Oliver Wyman will dig deeper into factors reshaping the New Silk Road in a series of executive roundtables across the region’s key cities. Senior business leaders, government officials, and entrepreneurs will join us to identify the risks, opportunities, business structures, and governance models impacting the region’s growth.
How to define the New Silk Road
The modern Silk Road covers Asia and the Middle East. However, our research focuses on the major economies of Central Asia, East Asia, Southeast Asia, South Asia, the Middle East, and North Africa, which collectively account for 95% of the region’s gross domestic product and are highly integrated into the regional economy.
Why the New Silk Road matters
The modern Silk Road is home to eight out of the world’s top 20 economies. The region’s share of global GDP climbed to 40%, up from 29% in the 1990s, and we estimate it will reach 48% by 2040. The number of Fortune 500 companies based in the region has similarly grown to 221 — almost half of the total.
The region will have a significant impact on economic and political policies influencing energy and supply chain markets. Its global export share is 86% for semiconductors, 65% for clothing, and 40% for oil. The mobility of its 4.9 billion-strong population will also shape cross-border transport networks, especially regarding aviation, with more than 65% of the international flights that take off from the region destined for other Silk Road countries.
In The New Silk Road, we identify a series of no-regret moves that companies and governments can consider today to capture these opportunities.

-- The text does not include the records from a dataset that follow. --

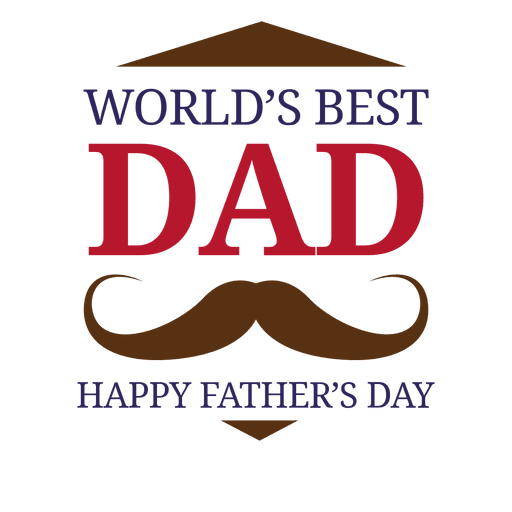 Día del padre mejor insignia de papá del mundo. Diseño PNG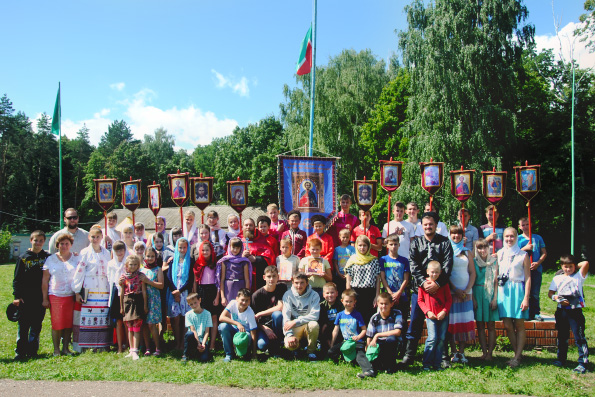 В Болгаре проходит смена детского православного лагеря «Кызыл Кояш — Красное солнышко»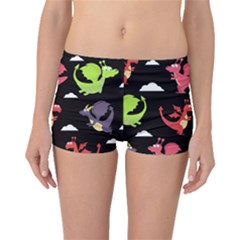 Cute Flying Dragons Boyleg Bikini Bottoms by Bigfootshirtshop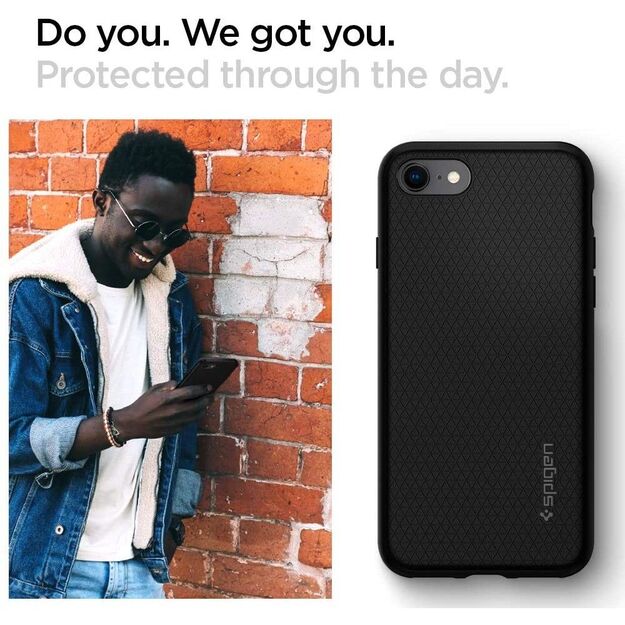 Spigen Liquid Air Case for iPhone 7 / 8 / SE 2020 / SE 2022 - Black 6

These include:
• Pick your corridors
• Understand national priorities
• Identify opportunities holistically
• Find the right partners
• Tackle company silos
• Manage your talent
• Revisit trade and investment agreements
• Leverage the strength of sovereign wealth funds (SWFs)
• Facilitate trade, investment, and technology flows
• Focus on the role of development funds
• Support the private sector
The pathways to opportunity along the dynamic New Silk Road are abundant, but ever-changing. We believe the no-regret moves outlined in this white paper will help both the private and public sectors to cement their positions and maximize impact across the region.